联合国秘书长之争,大国博弈下的“最大公约数”与制度底线
随着现任秘书长古特雷斯任期即将届满,下一任联合国“掌门人”的角逐已进入白热化阶段。首先需要厘清的一个常识是,目前的4位候选人并非“必须且仅有”的法定名额。根据《联合国宪章》及联大相关决议,秘书长遴选并没有规定固定的候选人数量,这4人(格罗西、巴切莱特、格林斯潘、萨勒)只是截至目前由会员国正式提名并参与公开对话的候选人。在安理会正式启动意向性投票前,会员国随时可以撤回提名或推出新的候选人。
然而,无论候选人名单如何变动,最终的任命必须跨越一道极高的制度门槛:候选人必须在安理会获得至少9票赞成,且五个常任理事国(中美俄英法)均不行使否决权。这就引出了一个关键的极端假设:如果这4位候选人最终都无法获得大国一致同意,比如美国力推的格罗西被中俄否决,或者拉美候选人遭到美国抵制,该怎么办?
答案是:联合国绝不会陷入“无人可选”的僵局。如果现有候选人全部被否决,安理会将继续进行多轮秘密的“试探性投票”,直到就某位候选人达成共识为止。在这个过程中,安理会完全可以从这4人之外重新推荐或接纳新的候选人。历史上,为了打破大国分歧,安理会曾多次通过闭门磋商寻找各方都能接受的“折中人选”。因此,最终的胜出者,既可能是这4人中的一位,也可能是半路杀出的“黑马”。

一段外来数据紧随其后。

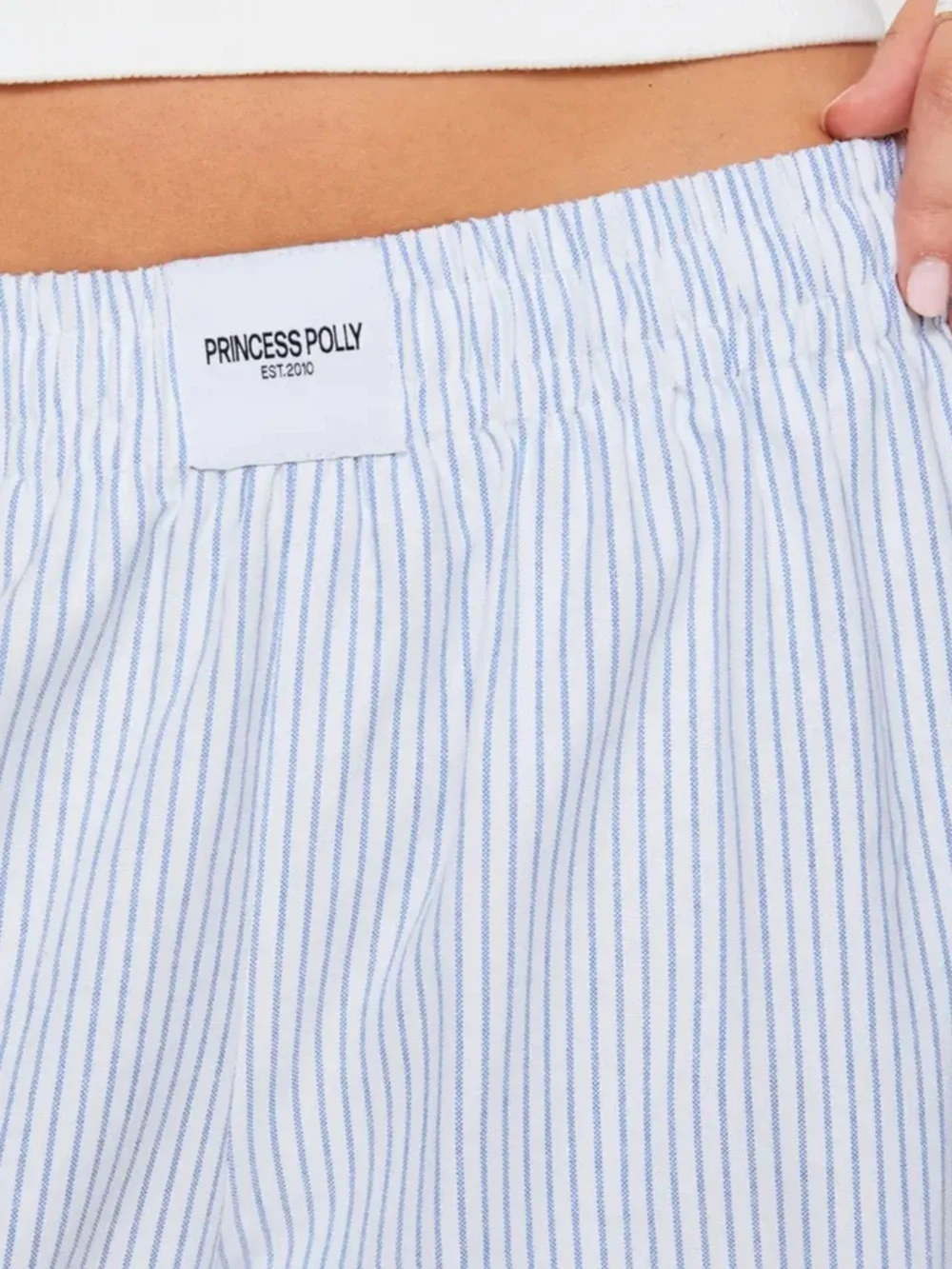 NWT- PRINCESS POLLY- BEACH HOUSE STRIPE Blue & White Pinstripe Wide Leg Pants 👖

在这场没有硝烟的博弈中,中美两国对“理想秘书长”的诉求差异,构成了当前选举的最核心矛盾。美国心目中的联合国秘书长,必须是一个“听话”且“可控”的代理人。尽管秘书长没有兵权与强制执法权,但掌握着会议议程设置、日常工作安排等关键行政权力。美国希望借此掌控联合国这台庞大的机器,使其在国际事务中站在美国及西方立场上发声,维护其全球霸权。

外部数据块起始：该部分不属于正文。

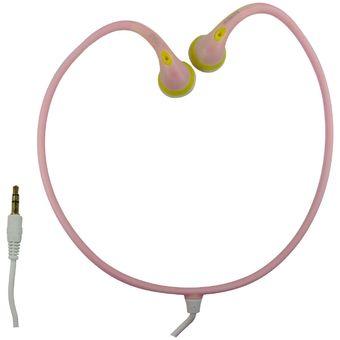 Lunar Handsfree Headphone Stereo Full Color Pink  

相比之下,中国对秘书长的要求则截然不同。中方并不需要一个“听中国话”或处处向着中国说话的代理人,而是要求秘书长必须具备“硬骨头”——公道正派、主持正义、敢于坚持原则。中国需要的是一个不向霸权低头、不屈从于单边主义,真正为全世界大多数国家(尤其是全球南方国家)服务,敢于主持公道的实干家。
除了中美,其他三个常任理事国也各有考量。俄罗斯的核心底线是“不被北约裹挟”,坚决拒绝秘书长沦为西方的“政治工具”,倾向于支持能够独立发声、维护多边主义的候选人。而英国和法国作为美国的传统盟友,一方面在价值观上与美国契合,另一方面也担忧联合国因大国对抗而彻底散架,因此他们更看重候选人的“稳定性”,倾向于选择能够平衡各方、不让联合国陷入瘫痪的温和派。
回到当前的竞选格局,这四位候选人各自背负着难以逾越的政治包袱。拉斐尔·格罗西作为美国力推的技术官僚,在核安全领域的履历无可挑剔,但他过度偏向西方的立场,尤其是在AUKUS核潜艇合作及日本核污染水排海等问题上的表现,已严重透支了他在中俄及广大发展中国家中的信任。在“一票否决权”的达摩克利斯之剑下,格罗西的“领跑”更像是一种脆弱的泡沫。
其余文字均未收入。